Les peuples européens aveugles sur l'état du monde se trompent encore sur ce qui les attend s'ils veulent éviter le naufrage d'une Europe vieillie et impotente. Maints pays du Sud ont pris le pli et l'ankylose du moindre travail. Ils ont raté dans les techniques d'avenir les opportunités de la croissance mondiale. Un pays comme le nôtre s'est endormi dans les libéralités d'un patrimoine en peau de chagrin. Dans un assistanat outrancier. La France, châtelaine aux abois, vit d'hypothèques.

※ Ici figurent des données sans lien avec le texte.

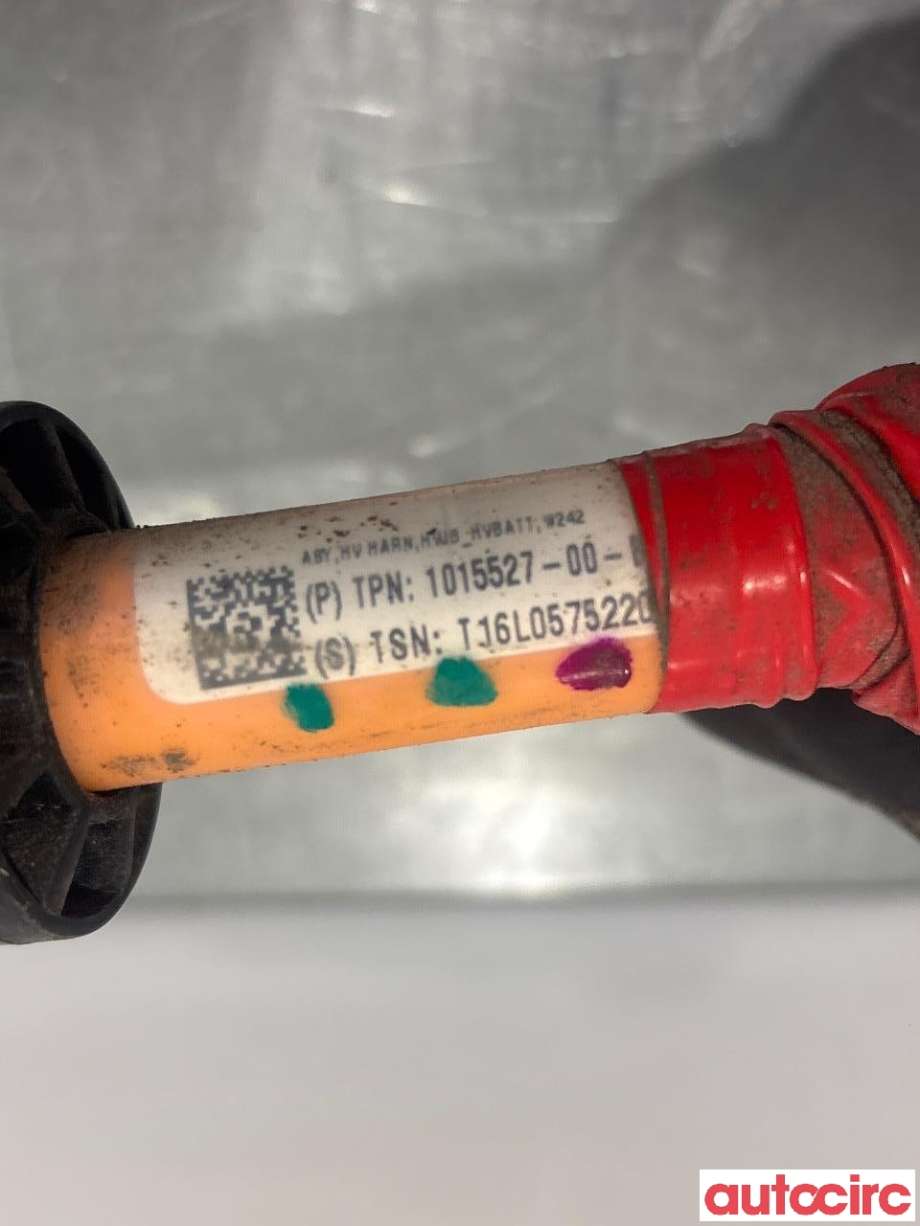 Kabel høy volt (HV) hybrid til Mercedes B-Klasse 2011-2018 (W246) (W246) (MERCEDES|A2423401701||1015527-00-B)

En vérité, c'est tout un modèle social, celui de l'État-providence, qui périclite. Combien de sueur faudra-t-il pour substituer au culte des "avantages acquis" celui des avantages à conquérir ? Combien de larmes pour réveiller les têtes, les reins et les coeurs ? La démocratie grecque hurle dans la rue sa souffrance. Ailleurs, l'histoire tragique des années 30 ne se répète pas mais bégaie dans les colères des Indignés.
Les politiques exhibent encore à leurs électeurs une "vérité" maquillée, emmitouflée. Le répit sera court. Car la vraie vérité sort du puits. Elle est nue. Et elle a froid.